Last week we looked at the reports and logs in Moodle as a way to find out how your courses are being used. I wanted to extend the idea slightly this week by looking at Google Analytics. Analytics is a free tool that you can add to any website to help track in a huge amount of detail what your visitors are doing. I use it on this blog, it’s on our school website, and we use it on Moodle too.
You can find out more about Analytics as a product and set yourself up an account here. Technically very straight forward if you are the administrator for you Moodle site- it just requires you to put some hidden code into your theme header. What I wanted to do is share a few of the things you can get from it that we can’t from the Moodle logs.
On logging in to Analytics you are presented with your dashboard. It contains a set of graphs and information as a general overview of your site.
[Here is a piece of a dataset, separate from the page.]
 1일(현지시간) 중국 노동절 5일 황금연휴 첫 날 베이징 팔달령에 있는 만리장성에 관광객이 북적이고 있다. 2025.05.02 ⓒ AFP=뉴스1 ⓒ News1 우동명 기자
You can see some pretty clear patterns from this immediately, and the average time on site is a really interesting statistic for Moodle admins.
You can drill down through all the links here, including the graph. For example, drilling down through the average time information I can see that users are spending much more time on the site during evenings and weekends than they do during the school day. More interestingly, I can see time on site is decreasing as the term goes on. This is why I really like this tool- I’ve seen a pattern, I can now compare it to this time last year, then look at what is happening in the school to find out why, and finally do something about it.
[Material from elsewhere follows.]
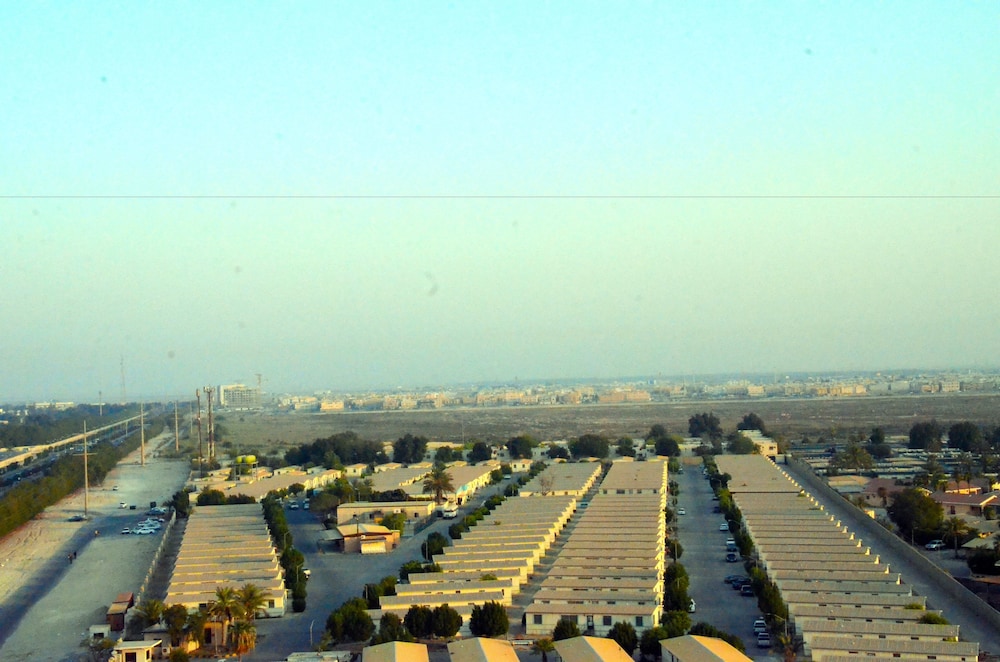 فندق كراون تاور(Crown Tower Hotel) 45/47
As you would expect this section deals with people on your site. Number of visits, visitors, average page views, etc. All pretty simple, and not really beyond the scope of the Moodle logs.
But, further down the links on the left you can get some other really interesting data. You can overlay your information on a map, interesting if your users come from a wide range of locations. The tools that really interest me though are the ones that track what browser and Internet connection speed your users have, and also the page that details the mobile devices being used.
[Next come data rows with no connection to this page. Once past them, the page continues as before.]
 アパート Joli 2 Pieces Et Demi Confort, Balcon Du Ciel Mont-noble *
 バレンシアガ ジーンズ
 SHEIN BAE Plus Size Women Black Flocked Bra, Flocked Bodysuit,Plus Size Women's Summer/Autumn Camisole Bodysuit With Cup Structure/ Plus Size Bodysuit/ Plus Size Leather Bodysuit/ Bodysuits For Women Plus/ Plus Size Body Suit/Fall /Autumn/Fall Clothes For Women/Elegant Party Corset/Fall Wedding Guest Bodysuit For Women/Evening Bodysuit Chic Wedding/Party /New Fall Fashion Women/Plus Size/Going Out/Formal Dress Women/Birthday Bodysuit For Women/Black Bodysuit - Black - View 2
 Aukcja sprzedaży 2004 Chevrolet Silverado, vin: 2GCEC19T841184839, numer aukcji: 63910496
Possibly not the most important in education, but traffic sources deals with where you visitors came from to get to your site. Interesting for us that even though we have Moodle links everywhere on school homepages/etc 40% of our visitors still come from Google.
The content section somewhat overlaps the reports in Moodle, but you can use this section to get information about your most popular pages, how visitors get in, and where they go.
The ease in which you can view data over a timeline is a real strength of Analytics for viewing content. For example, I can look at the popularity of our GCSE courses for the last year to see just how the students were using them for revision.
The last thing I want to mention about Analytics is it has the ability to generate reports for you and then email them on. With a little bit of playing you can get it to do all the work for you, and once a week get a nice little PDF explaining the movement in key pieces of data you’re interested in.
Google Analytics is a hugely powerful tool, this post barely scratches the surface. If you’re a Moodle admin I would recommend getting it installed and giving it a go, surprisingly easy to lose quite a lot of time to playing with this!